Hey, I was playing with that.

Minecraft 1.8. I couldn’t wait. Villages, abandoned mines, Endermen… oh, my!

Until Notch broke my world. Okay, to be fair, he didn’t break the world. But when I would go an investigate a new area, new chunks would spawn and there were “issues” due to the fact they Mojang changed the way the world was created. Like my ocean dropping down one block in the middle of no where.

I tried to keep playing. I really did. I persisted for about a week. Then gave up and started a new world, which I played for about a week.

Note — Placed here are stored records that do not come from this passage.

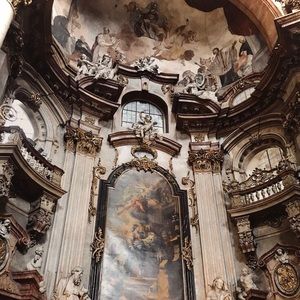 Meet your Posher, Leslie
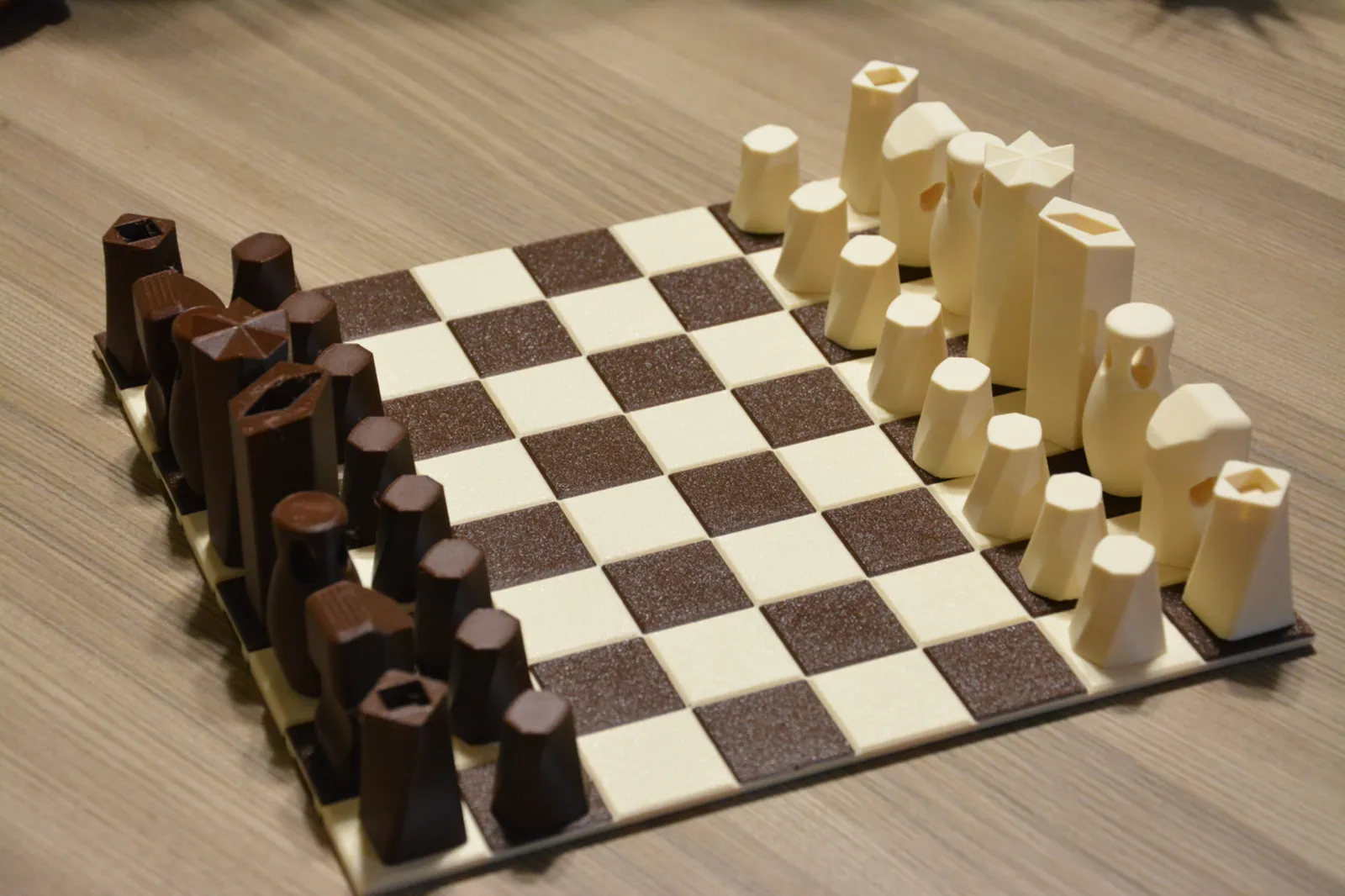 مجموعة شطرنج قابلة للطي (Minimalist Foldable Chess Set) — صورة 2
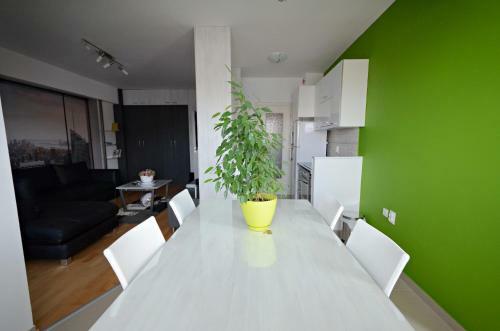 Aries Apartments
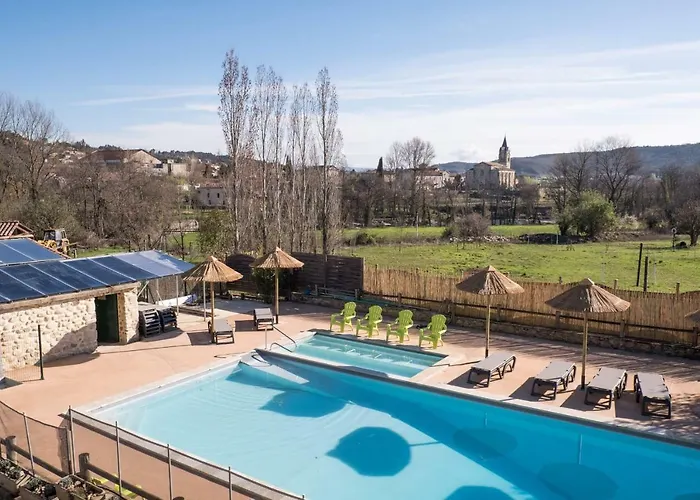 Gites Islacooldouce Joyeuse avec Piscine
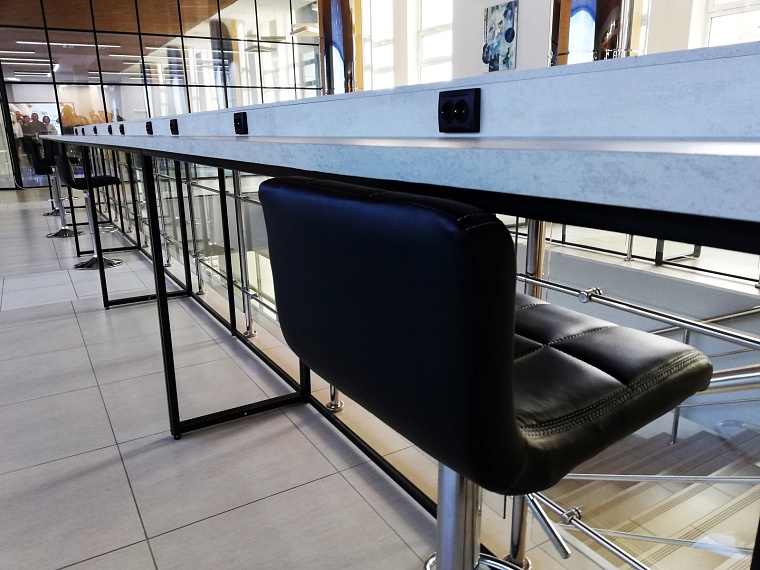 Работники каких профессий дольше всех трудятся на одном месте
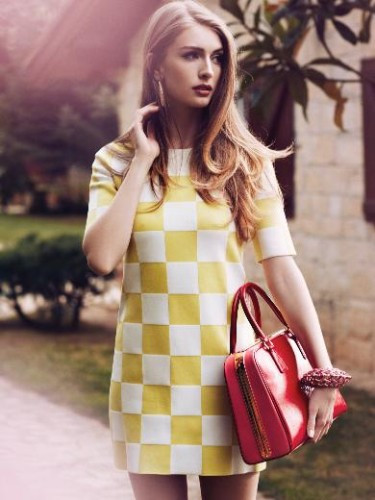 Yasemin Allen InStyle için poz verdi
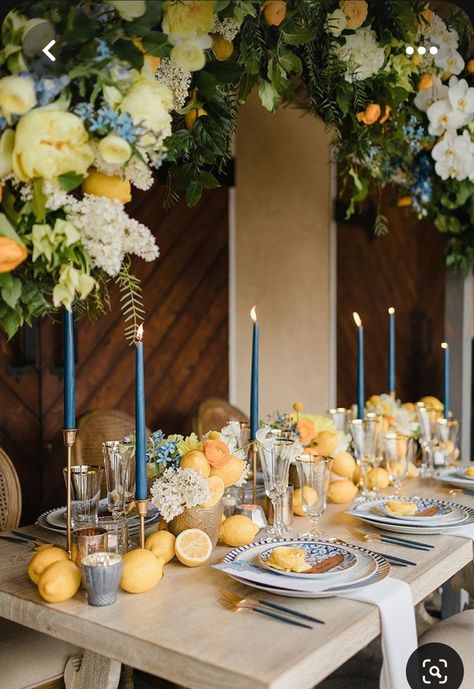 Positano Wedding Decor, La Dolce Vita Party, Italian Tablescape, Lemons Wedding, Italian Dinner Party, Italian Party, Italian Theme, Bridal Shower Inspo, Tafel Decor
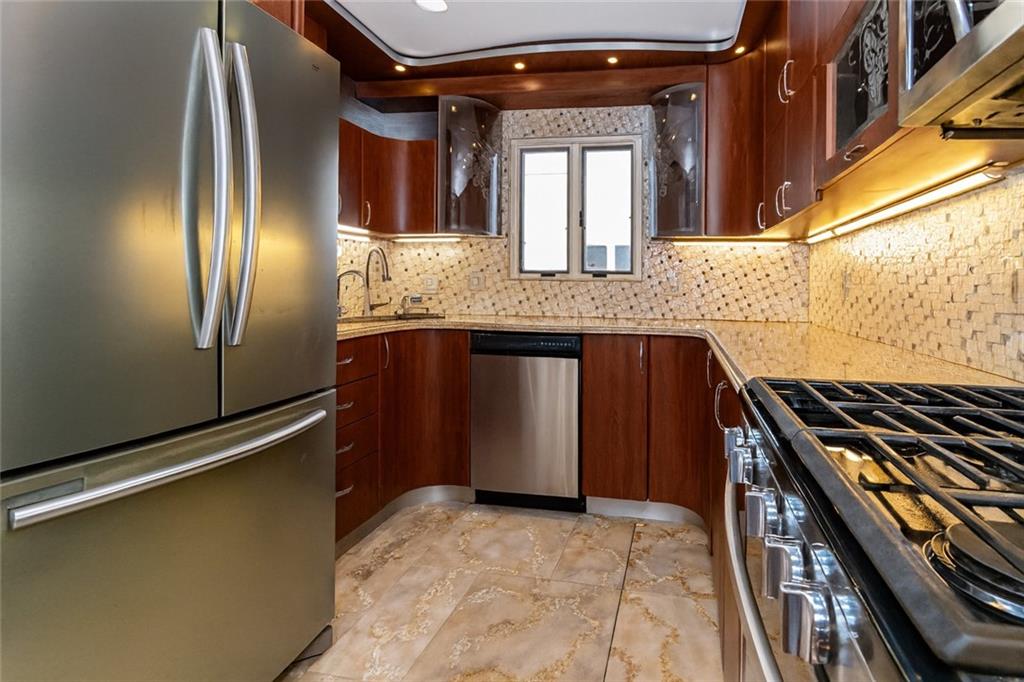 2613 East 65th Street, Brooklyn, New York, 11234 image 12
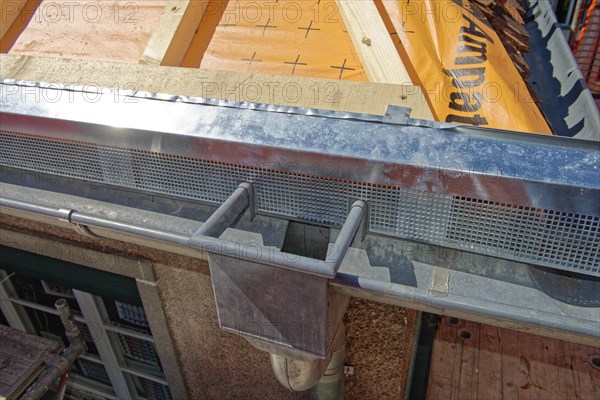 Ventilation sheets at the gutter on a roof for an in-roof photovoltaic system.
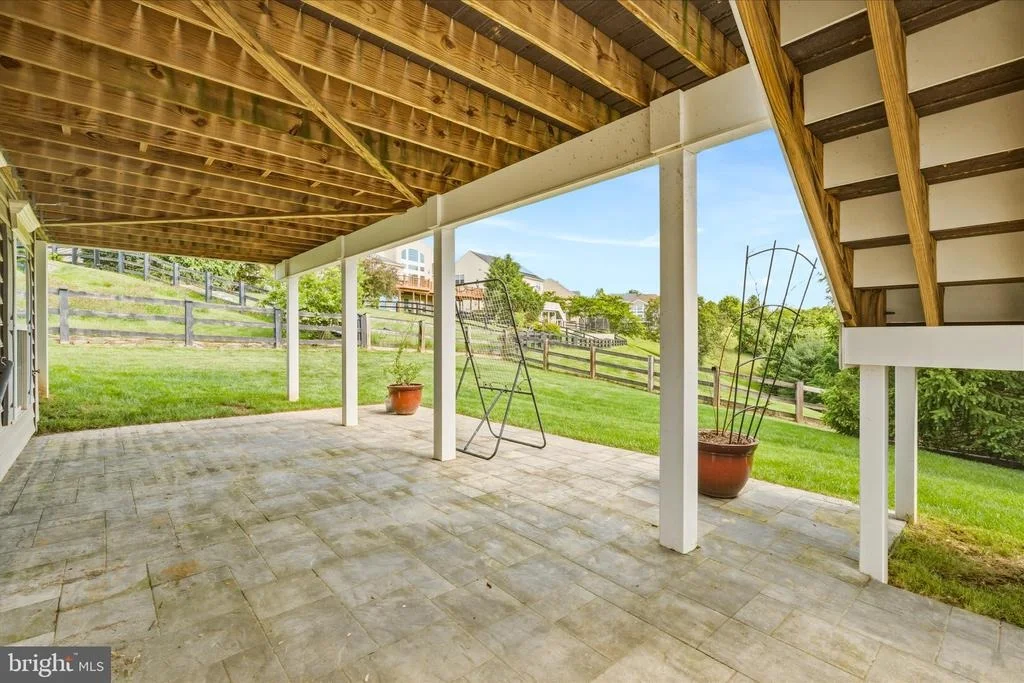 Photo of 2258 W. GREENLEAF DRIVE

I realized that Minecraft would be releasing in November and this mean that I only had 2 months with this new world before they likely broke it again. So I just stopped playing Minecraft until then. It seems wrong to stop playing a game I enjoy simply because I know the world is going to be broken.

 

This really brings up a larger issue with games, persistent and otherwise, and the way some designers approach them. My main complaint is this:

I spent time and money playing your game. Respect my investment, or I won’t be returning.

I love Minecraft, but I won’t be giving Mojang another dime. I won’t be buying their new games. They don’t respect the player’s time invested into their creations.

Is it an easy fix to make the world add new things in already discovered and explored areas of the game? No, it’s not. But it is respectful of the player. I spent at least 2 months building my obsidian palace and digging my huge quarry. Respect the work I did and do not screw up my save file because you want the ocean to be one block lower.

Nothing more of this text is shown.